A group of fourth- and fifth-graders also had the opportunity to meet the Olympians and try curling through ASB’s Bank for Education Ohana schools program.

According to ASB president/CEO Rich Wacker, the idea came about during a dinner one night with some friends, including business leaders Chris Dey and Peter Tomozawa.

“We were talking about trying to get people to really want to come out to fundraisers,” he recalls. “We didn’t want something where people came and, as soon as they could leave, they left. We wanted something where people would enjoy the event and participate for a good cause.

“I had talked about (curling) jokingly in the past, and at that dinner, Peter was really enthusiastic about the idea, and Chris actually knew people at USA Curling who could help us make it come together.”

As expected, the fundraiser was a hit. But what they weren’t prepared for was the amount of interest from people, groups and companies, as well as curling clubs on the Mainland, wanting to use their equipment or team up for curling clinics and events.

“There was such a nice buzz after the event, but I think we’re still in development of exactly how the club is going to move forward,” says Wacker. “At a minimum, we’re going to be doing the annual event as a signature fundraiser.”

ASB purchased the necessary equipment for curling, which Wacker notes is not an insignificant investment. In addition, there is the rental of Ice Palace, including the day before for technical setup of the game, such as prepping of the ice (it’s not the same as the ice skaters use) and painting of the lines and targets.

In the sport, players slide special curling stones weighing 42 pounds across a sheet of ice toward a target area, preceded by two sweepers with special brooms.

But is it as easy as it looks?

“No. I think we have a lot of good images of people toppling from side to side,” says Wacker. “Over the course of the evening, people started to show some interesting capabilities, and a lot of people had really nice form once they got their slides down a couple of times.

“Flexibility is important, because you really are stretching yourself out to get down and get the slide right, and then the sweeping really gets your heart pumping. So, as you’re sweeping, you’re trying to melt the ice just a little bit in front of the stone so it’ll travel a little bit farther. It’s definitely a sport you can enjoy as an amateur, but you can understand that it would take a lot of practice to be a competitor at a professional level.”

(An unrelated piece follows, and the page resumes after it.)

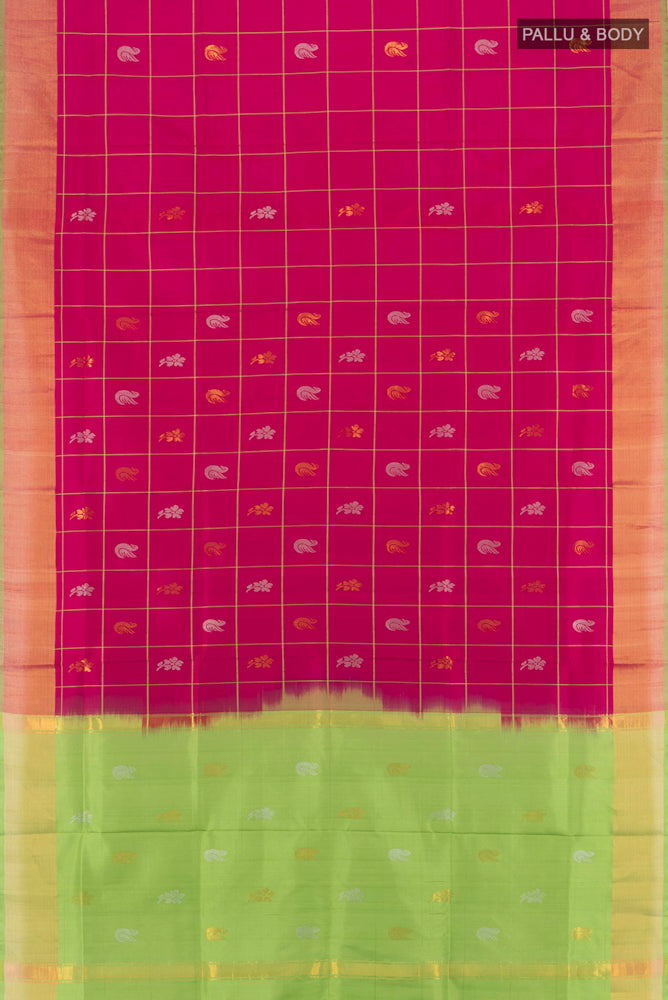 Flat view of Pure Silk Pure Zari Dark Pink Uppada Saree with Zari Butta on the body and Silk Border. 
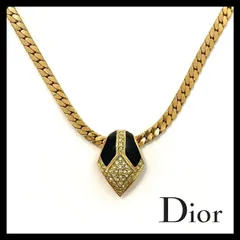 M【Dior】ラインストーン ネックレス ブラック/黒 ゴールド/金 カラー ペンダント ヴィンテージ Christian Dior/クリスチャンディオール (53918S4a)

Kudos to ASB for creating a fun way to raise money for a deserving cause, which Wacker says will continue to be their priority. So, what’s next? The ASB Curling School?

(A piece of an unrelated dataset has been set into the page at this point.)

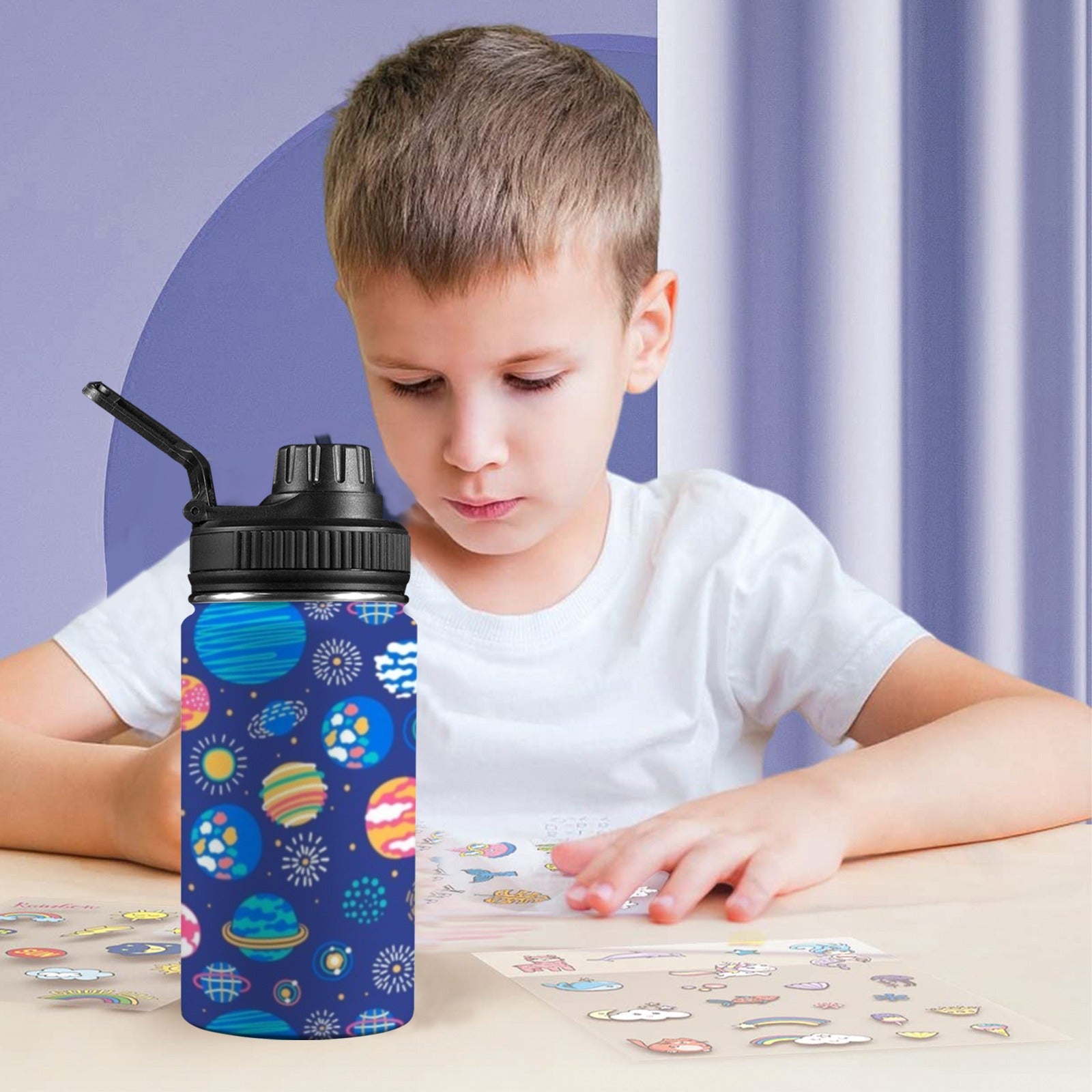 Planets On Blue Kids Water Bottle with Chug Lid (12 oz) Kids Water Bottle with Chug Lid Printed Offshore Space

Most likely not, but don’t be surprised to see more curling events on the island. And who knows, maybe even an Olympic curler from Hawaii? Stranger things have happened – remember the Jamaican bobsled team?

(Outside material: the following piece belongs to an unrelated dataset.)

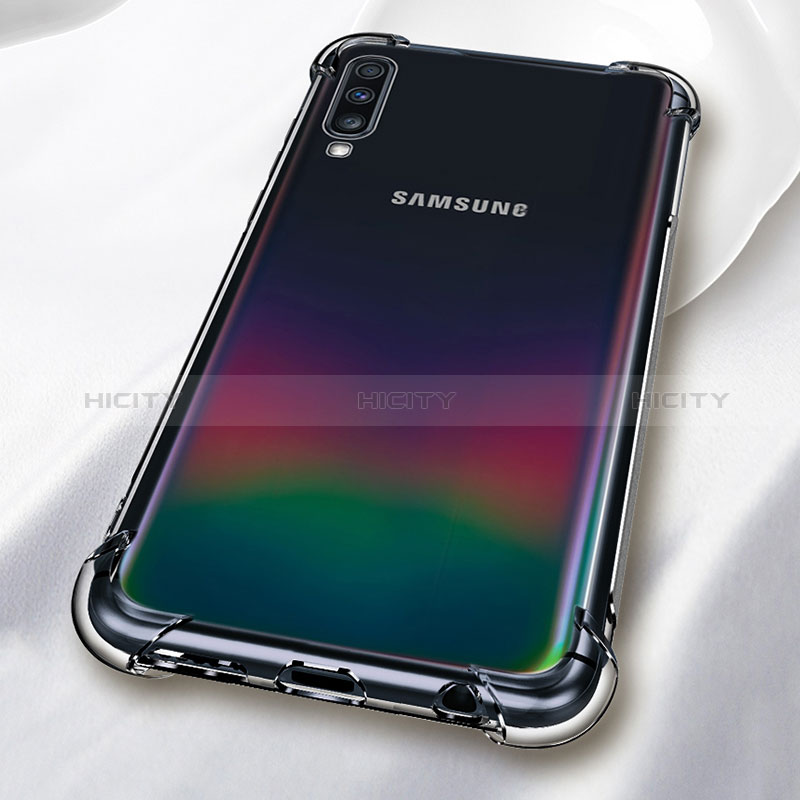 Samsung Galaxy A70用極薄ソフトケース シリコンケース 耐衝撃 全面保護 クリア透明 T03 サムスン クリア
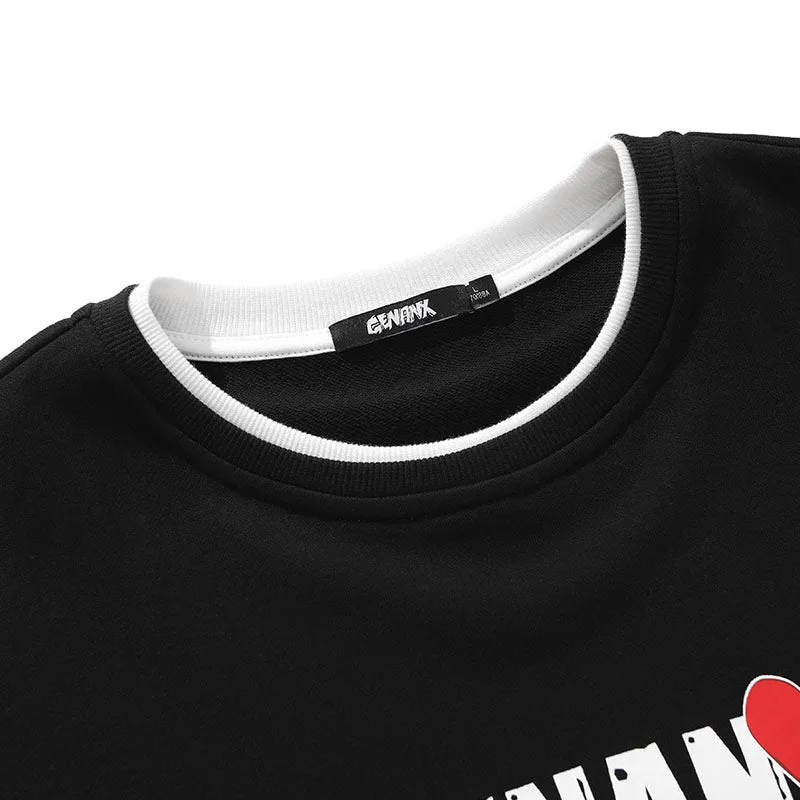 Hip Hop Contrast Color Letter Print Pullover Sweatshirt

“Canada curling clubs are interested in having something here, and I’ve gotten calls and emails from the Hollywood Curling Club, which is run by a woman originally from Hawaii, interested in doing something when she comes home to visit,” notes ASB director of community and government relations Aulii Graf. “It’s kind of gone off the charts. We take this as a sign of the success of the event, and that it’s going to get bigger than we anticipated.”